The replies surpassed our expectations. Who knew our friends had been sitting with all this pain and wisdom? Or, that they would be so willing to tell us about it. Not everyone was thrilled. As Simonetta (an ex-music business guru -- just turned 60) pointed out succinctly: "Asking a woman why she is childless is even ruder than asking how much money she makes."

"For me it wasn't much of a choice", said Annamaria, (52, who writes for TV and radio): "My maternal instinct never kicked in. I remember, even as a child playing with my dolls: I would pretend they were my students, not my children."

Kimberly, a writer/professor in her mid-40s, seconded that emotion: "Friends and even strangers would tell me that having children is the best thing this world has to offer, and if I didn't, I would regret it. They told me that I would never know the beauty of 'true, unconditional love'."

"I would say in all honesty I had no maternal instincts until I hit 40," admitted Carla (49/ex rock-chick and now property flipper). "Which didn't give me much time. But I look back now and see my life was pretty selfish, and in some ways, I was very immature, certainly about relationships."

"(For me) it boils down to one thing: I don't have the energy..." wrote Kimberly. "I would rather focus on my career and my husband. I feel my choices may be considered selfish, but they are also selfless.

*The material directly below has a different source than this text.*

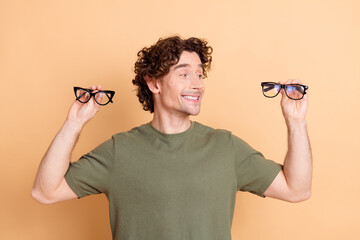 Joyful young man in casual outfit holding stylish glasses in each hand against a beige background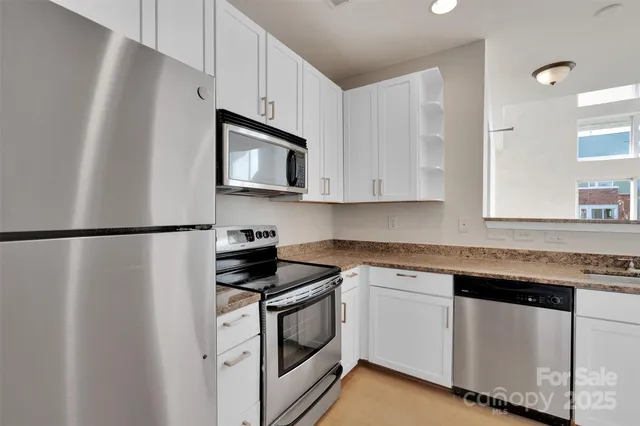 a kitchen with white cabinets stainless steel appliances and sink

I know I will never hold my own sweet child, but I just don't think I could 'do it all'."

Mercia (a marketing exec, just turned 41) felt the same: "I understood very early on that my personality would not have allowed me to be a working mother. The guilt and pressures of doing both (jobs) well would've driven me crazy. I made the conscious decision to be financially independent and have a career."

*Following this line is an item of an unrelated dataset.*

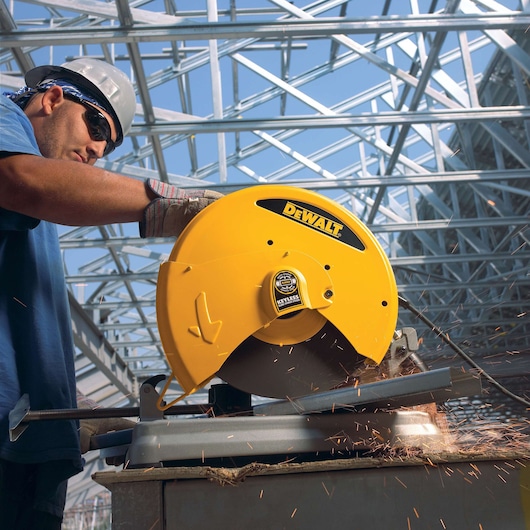 Chop Saw with QUIK-CHANGE™ Keyless Blade Change System being used by a person to cut metal rod
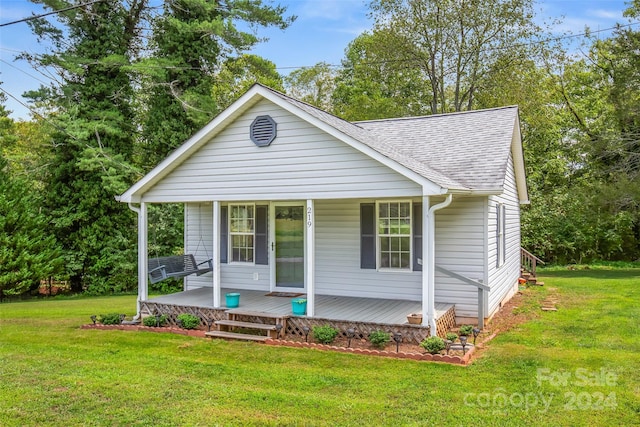 bungalow-style home with covered porch and a front lawn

Relationships, failed and otherwise, also played their part.

Carla: "I met someone six months after my 40th birthday and spent a year in Australia with him. My relationships have never segued into one another. I spent many years as a single woman and I remember, vividly, sitting on the plane home -- coming to terms with the fact that I probably faced spending years on my own again. And along with the loss of the relationship -- went my last chance to have a child."

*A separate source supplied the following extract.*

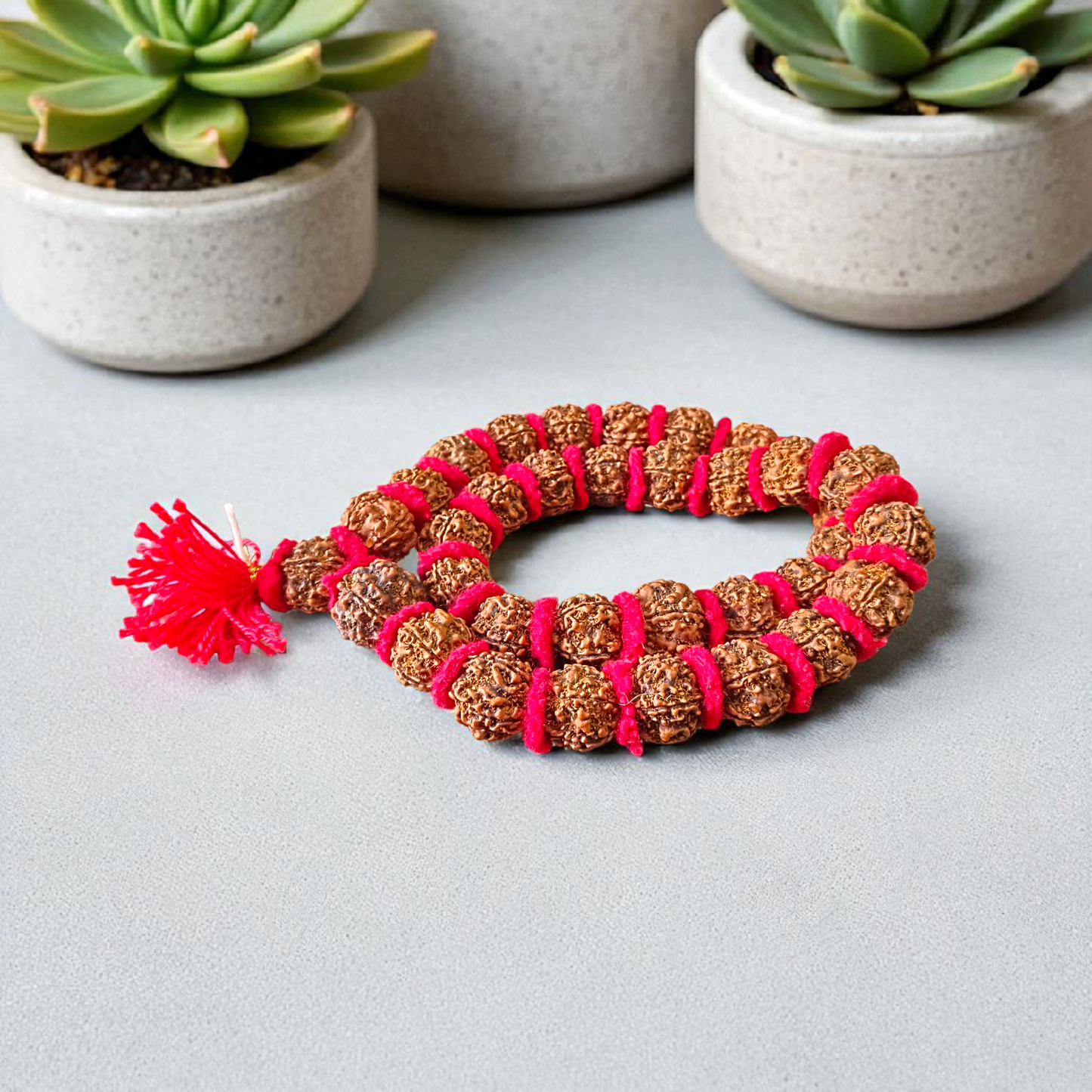 A combo set featuring a hand-knotted Rudraksha velvet Kanth Mala and a silver-capped 2 Mukhi Rudraksha pendant, both lab certified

Mercia's marriage "was not in a good place from the start. I was determined to not have children until we could sort out our problems. We never did. We got divorced. And I am very grateful that I did not have children."

There was also an element of bad timing, which Carla laid out candidly. "It came down to: wrong man/right time, right man/wrong time," she wrote. "I have just married for the first time at the age of 49. My husband is 47 and has one daughter. There is no doubt for either of us that, had we been younger, we would have tried to have a child together."

We read sadder notes too. For some friends -- their choice was informed by loss.

A Spanish friend told of a miscarriage late in her second trimester. It was an event so devastating she never tried for a baby again. "The blood and the pain and that little body that I saw were too much for me," she said. "After that, for me, it just wasn't possible anymore".

Fabienne had terminated a pregnancy when an amniocentesis revealed her baby had Down syndrome. "I know what people say -- that Down babies are loving and non-judgemental and sweet, but what if I hadn't been able to love him? What if I couldn't bear to be with him -- how would that have turned out?" She never took that chance again.

And for others -- being childless wasn't a choice; it was the end of a dream.

"If you don't mind -- I don't want to be part in this" wrote one friend. I heard the echo of sadness and understood. For her something she had hoped and wished for had never come to pass.

L was more direct: "You know the answer to that Sue -- I couldn't find anyone who wanted to marry me let alone have kids with me. And I didn't want to do it on my own."

I won't be quite so flip next time someone asks me "Why not married, why no kids?" These questions go to the heart of femininity, to the core of being a woman. The answers define us -- both in other people's eyes and our own.

Perhaps we owe it to all the women before and after us to look the questioner in the eye and say instead: "you know, that's a complicated one, and I would like to do your question justice. How long have you got?"